I don’t actually know how much this post will help you in ridding your works of pesky anachronisms, but the title just seemed to clever to resist. If you’re not already familiar, an anachronism is a literary, spatial or temporal (usually temporal) transplant. A detail, a phrase, an expression, a device, or really anything else could be an anachronism; most commonly these are stock expressions or devices of our own time that we accidentally put into our works. Nor are they unique to literature, as there are plenty of examples in movies and other media. For instance, perhaps a period movie might show cars from a later model year driving around in the background. Or my personal favorite, when an author or screenwriter has archers “fire” their arrows, an expression which could not predate the advent of firearms. This last one even made its way into The Lord of the Rings movies (notably during the battle at Helm’s Deep).

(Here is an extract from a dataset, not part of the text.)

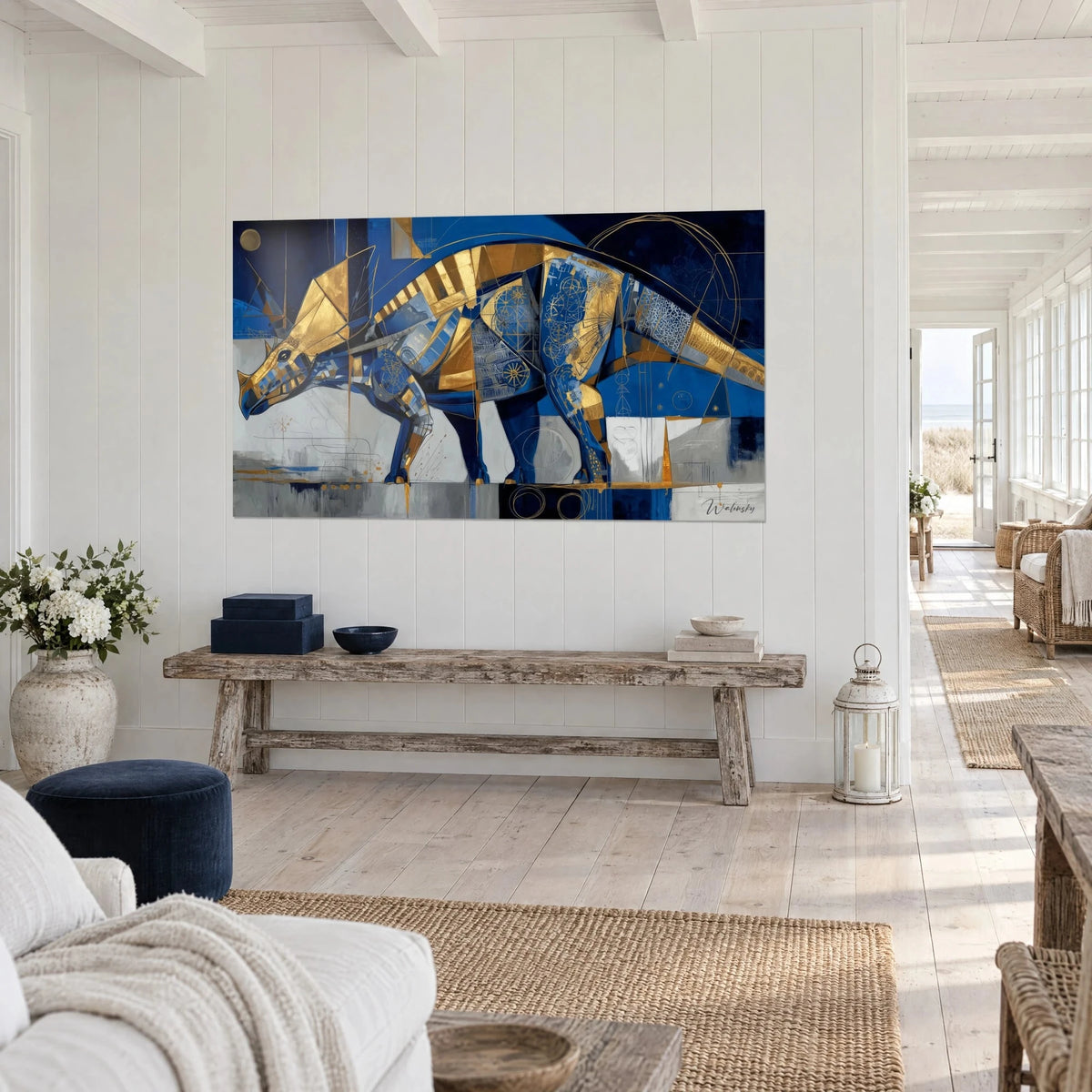 Tableau dinosaure à cornes en aplats bleu roi et or, fond gris perle, vu de trois-quarts sur un mur lambrissé de maison côtière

Any genre probably has to deal with the thorny problem of anachronisms, but they become especially concerning in alternative world fantasy, historical fiction, and period pieces. I’ve been thinking a lot about language recently because of my reading of ancient Greek literature, and I’ve found that language itself is full of anachronisms of which to be wary. You probably shouldn’t describe a room as spartan if you’re writing about a world in which either the Spartans never existed, have not yet existed, or would not be known about by the society on which you are writing. That one is somewhat obvious, but what about laconic? That word is clearly derived from the Laconians, so oughtn’t it to follow the same idea as spartan, and therefore we should not use it under the same circumstances? Our modern words “meander” and “basin” both were once proper names of places in ancient Greece, so can we not use those, either? It is here that the problem starts to become really thorny, especially in alternative world settings.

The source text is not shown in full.